§ **WHAT THIS TASK INVOLVES**: Would you write out every record that follows exactly, with the pictures left out?

[Web page caption snippets]
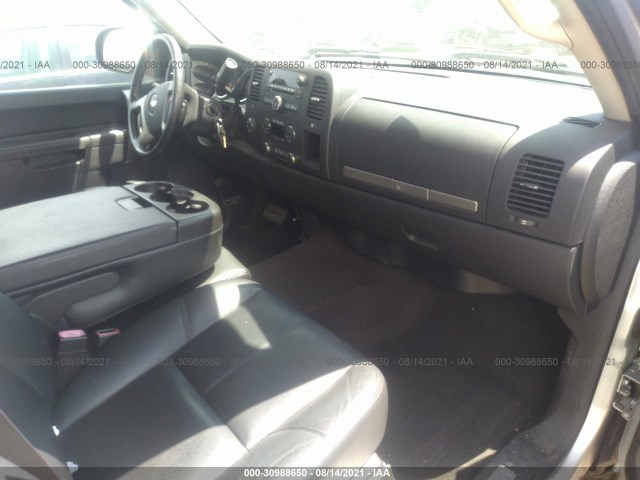 Photo 4 VIN: 3GCPKSE71CG151312 - CHEVROLET SILVERADO 1500 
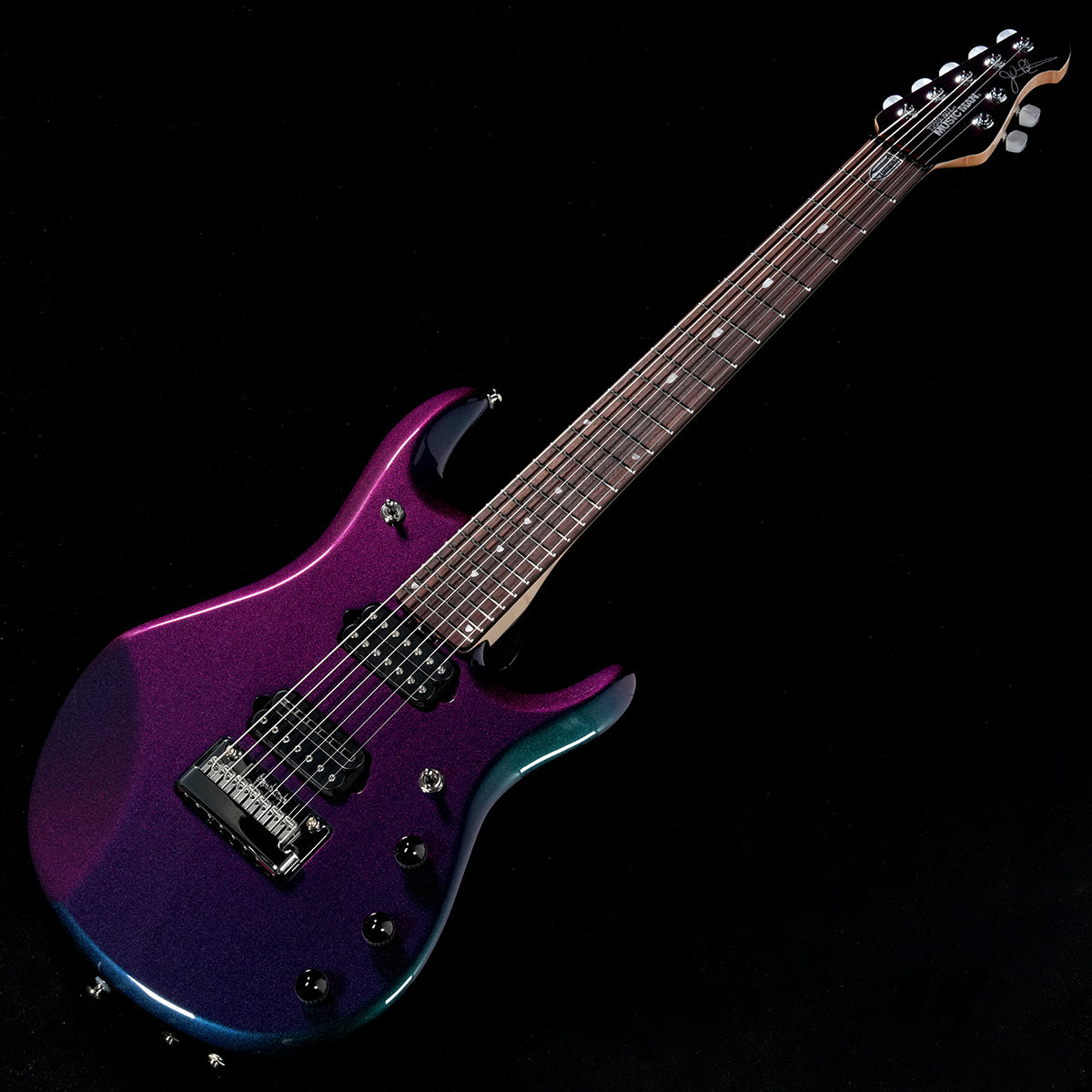 [SN M02685] MUSIC MAN / KID Limited - JP7 John Petrucci 7 Mystic Dream(Weight:3.75kg) [05]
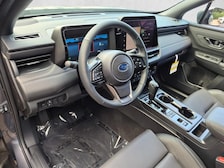 2026 Subaru Outback Touring XT in Magnetite Gray Metallic, stock #TY557032 — photo 3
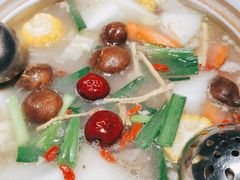 -马一洒开锅羊肉清真餐厅(京汉店)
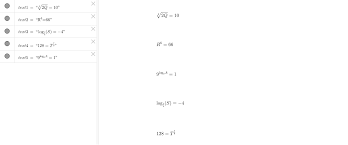 Mini Quiz 19 Algebra 2 Solving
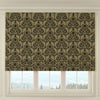 HOUSE Llewelyn-Bowen Sunny Side Up Printed Made To Measure Roman Blind Midnight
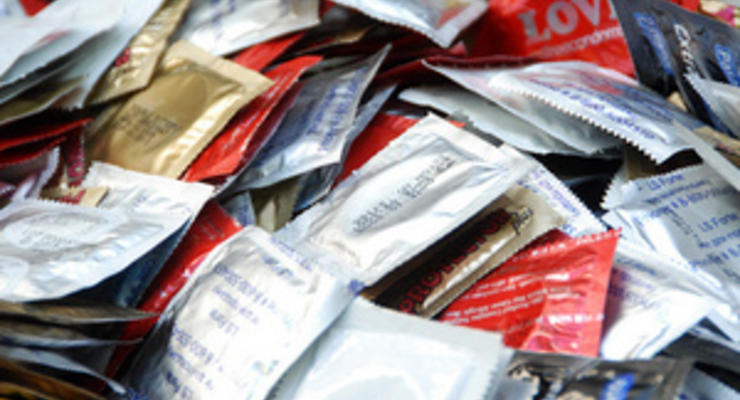 Житель Луганской области пытался незаконно перенести в Россию свыше 1000 презервативов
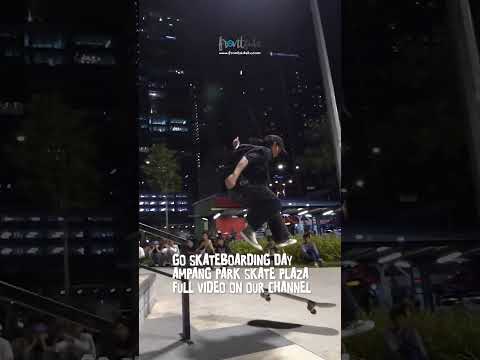 Go Skate Day Ampang Park 2026
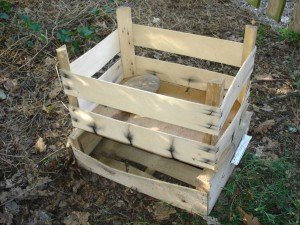 Votre compost maison assemblé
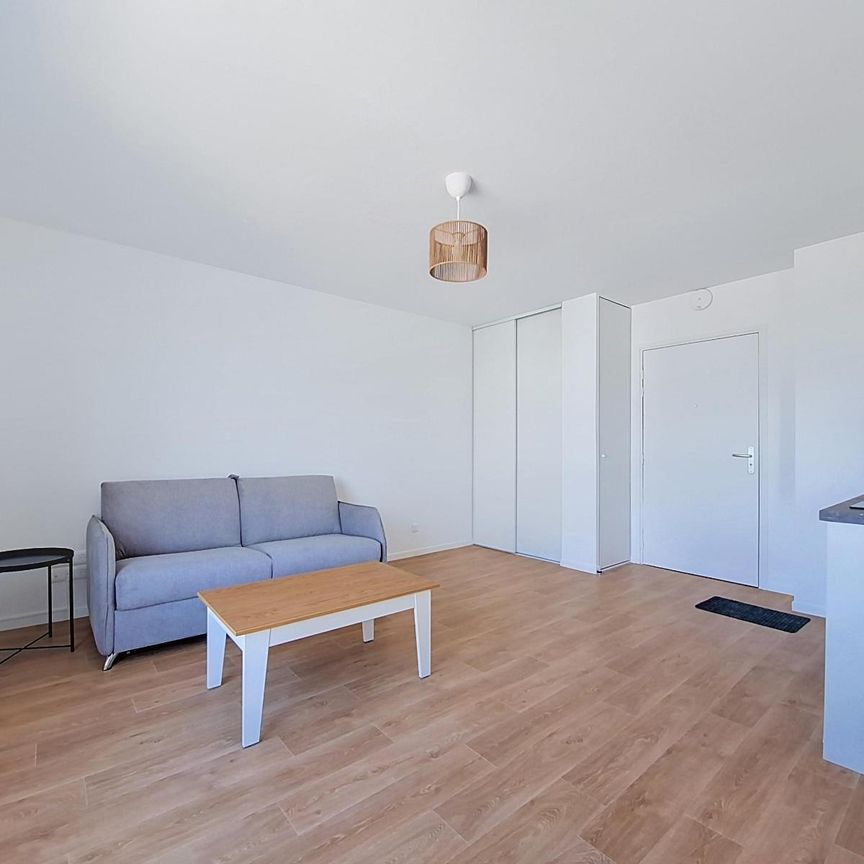 Location Appartement 1 pièce 31m² DIJON 21000 - Photo 1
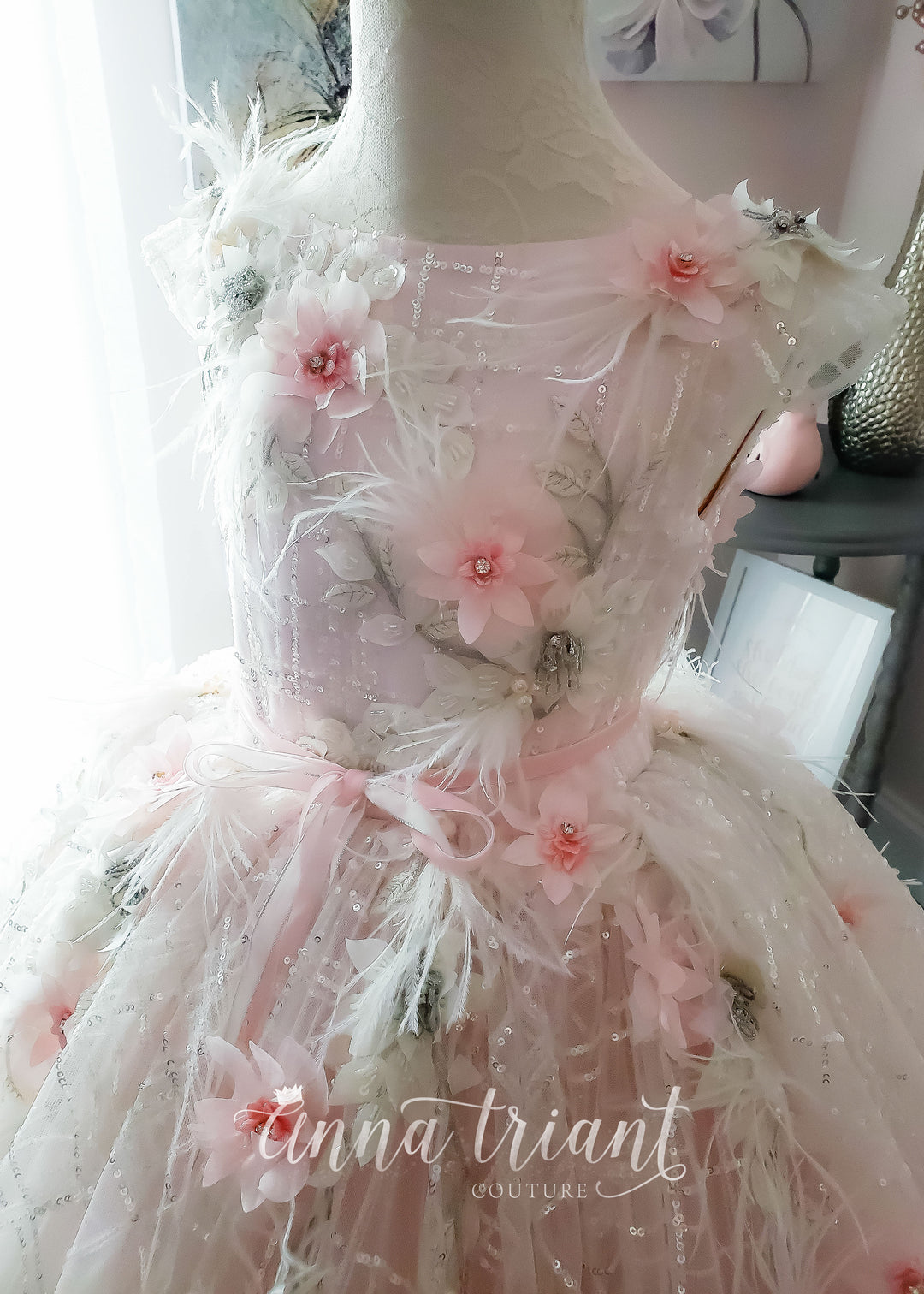 Charlotte Gown
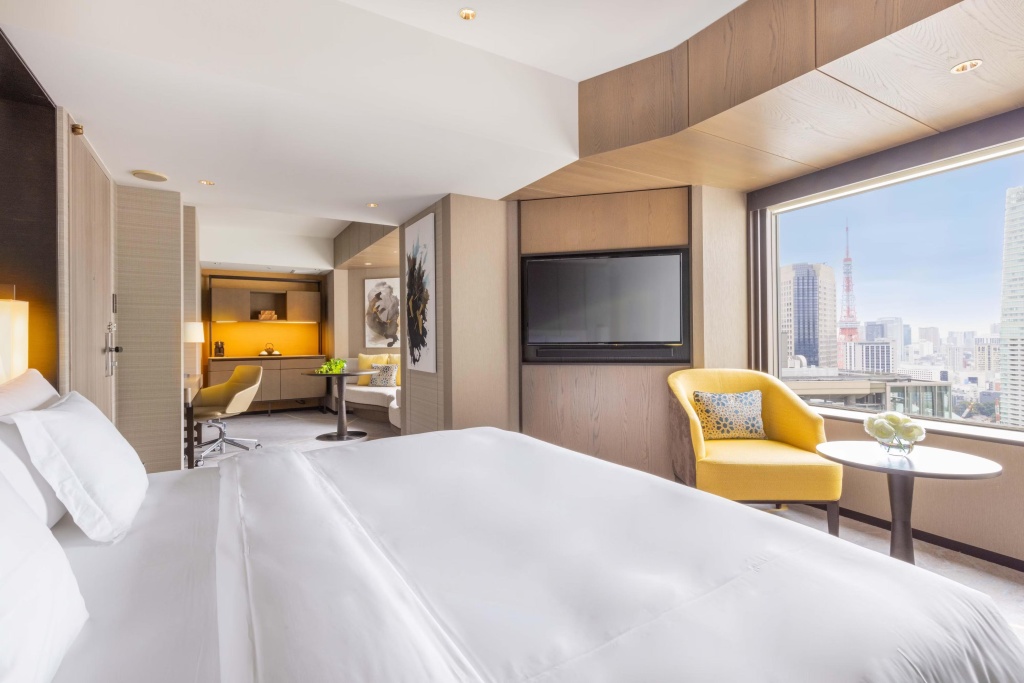 InterContinental ANA Tokyo by IHG 사진 15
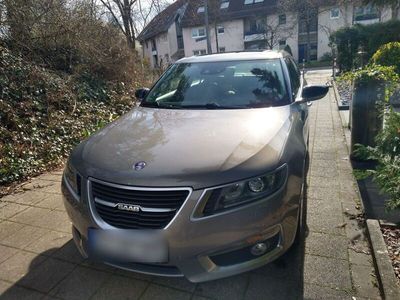 gebraucht Saab 9-5 NG 2.0T Aero Automatik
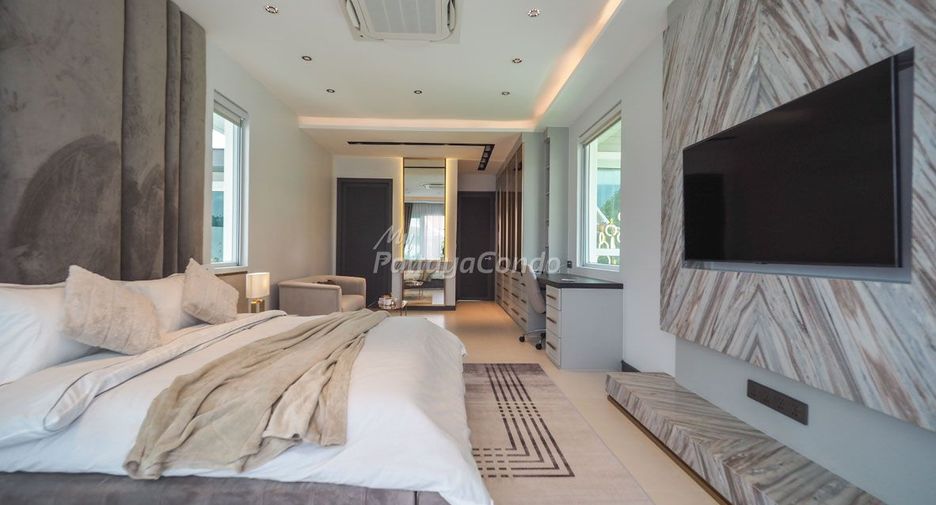Casa en venta de 5 habitaciones en Bang Lamung, Chonburi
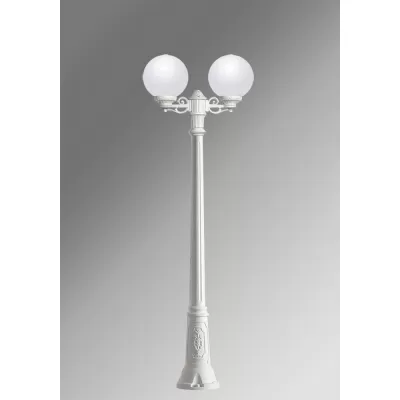 Наземный фонарь Globe 250 G25.156.S20.WYE27 Fumagalli Наземный фонарь Globe 250 G25.156.S20.WYE27 Fumagalli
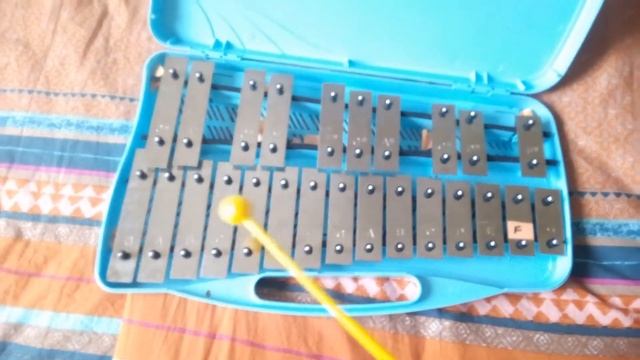 Гарри Поттер на ксилофоне смотреть онлайн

§ **ANSWER AREA**:
 Photo 4 VIN: 3GCPKSE71CG151312 - CHEVROLET SILVERADO 1500 
 [SN M02685] MUSIC MAN / KID Limited - JP7 John Petrucci 7 Mystic Dream(Weight:3.75kg) [05]
 2026 Subaru Outback Touring XT in Magnetite Gray Metallic, stock #TY557032 — photo 3
 -马一洒开锅羊肉清真餐厅(京汉店)
 Mini Quiz 19 Algebra 2 Solving
 HOUSE Llewelyn-Bowen Sunny Side Up Printed Made To Measure Roman Blind Midnight
 Житель Луганской области пытался незаконно перенести в Россию свыше 1000 презервативов
 Go Skate Day Ampang Park 2026
 Votre compost maison assemblé
 Location Appartement 1 pièce 31m² DIJON 21000 - Photo 1
 Charlotte Gown
 InterContinental ANA Tokyo by IHG 사진 15
 gebraucht Saab 9-5 NG 2.0T Aero Automatik
Casa en venta de 5 habitaciones en Bang Lamung, Chonburi
 Наземный фонарь Globe 250 G25.156.S20.WYE27 Fumagalli Наземный фонарь Globe 250 G25.156.S20.WYE27 Fumagalli
 Гарри Поттер на ксилофоне смотреть онлайн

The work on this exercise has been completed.